• _Task to complete_: From the line with "You can see" to the line with "This is the", retype every line exactly, including those two, and leave out the rest of the data below.

• _Material provided_:
---
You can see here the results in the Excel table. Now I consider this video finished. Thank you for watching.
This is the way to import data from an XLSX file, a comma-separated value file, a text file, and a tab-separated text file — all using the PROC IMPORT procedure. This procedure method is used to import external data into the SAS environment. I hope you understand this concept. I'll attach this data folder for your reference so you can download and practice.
---
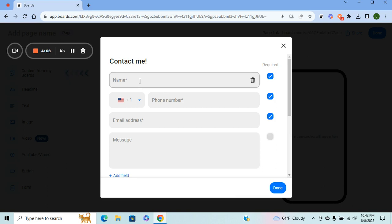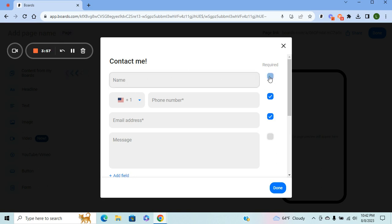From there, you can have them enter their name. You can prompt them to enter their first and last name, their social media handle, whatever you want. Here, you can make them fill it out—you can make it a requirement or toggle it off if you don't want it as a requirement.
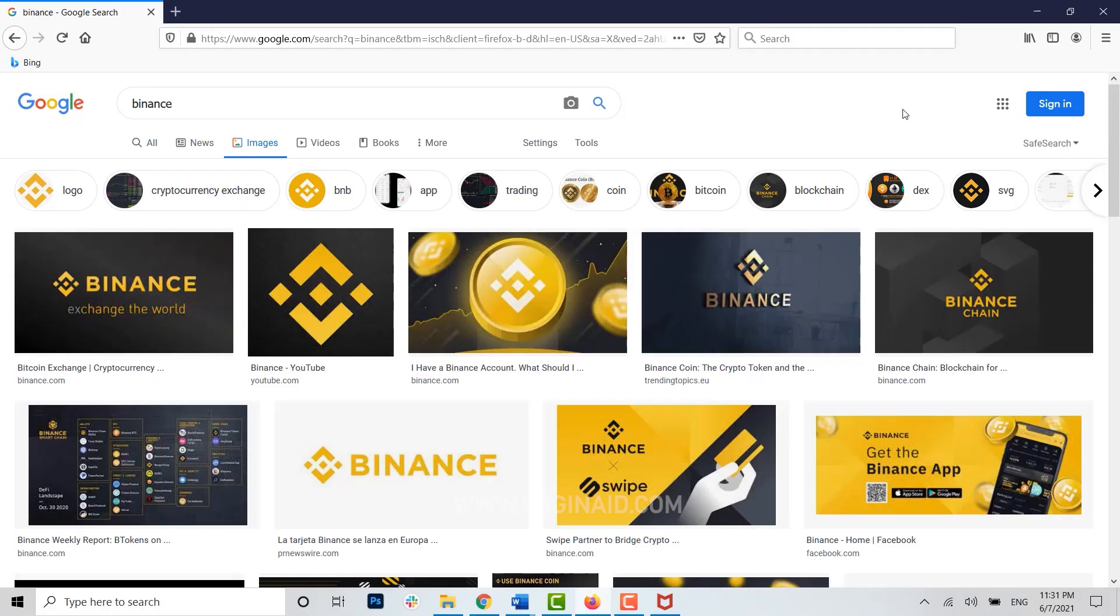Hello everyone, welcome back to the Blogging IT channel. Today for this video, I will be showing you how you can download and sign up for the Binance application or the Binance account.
---
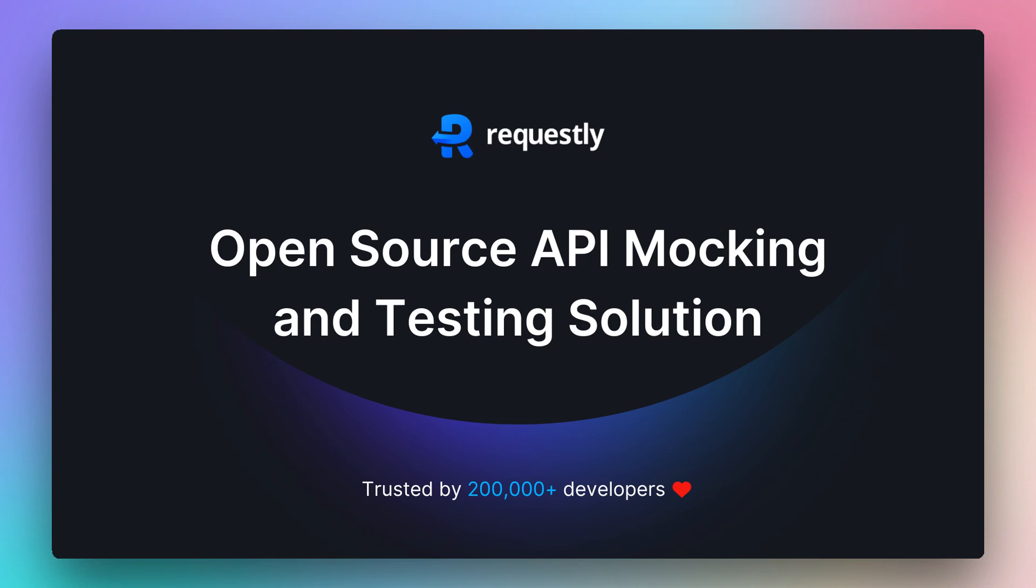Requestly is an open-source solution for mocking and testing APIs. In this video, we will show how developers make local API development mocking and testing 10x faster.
---
• _Task response_:
You can see here the results in the Excel table. Now I consider this video finished. Thank you for watching.
This is the way to import data from an XLSX file, a comma-separated value file, a text file, and a tab-separated text file — all using the PROC IMPORT procedure. This procedure method is used to import external data into the SAS environment. I hope you understand this concept. I'll attach this data folder for your reference so you can download and practice.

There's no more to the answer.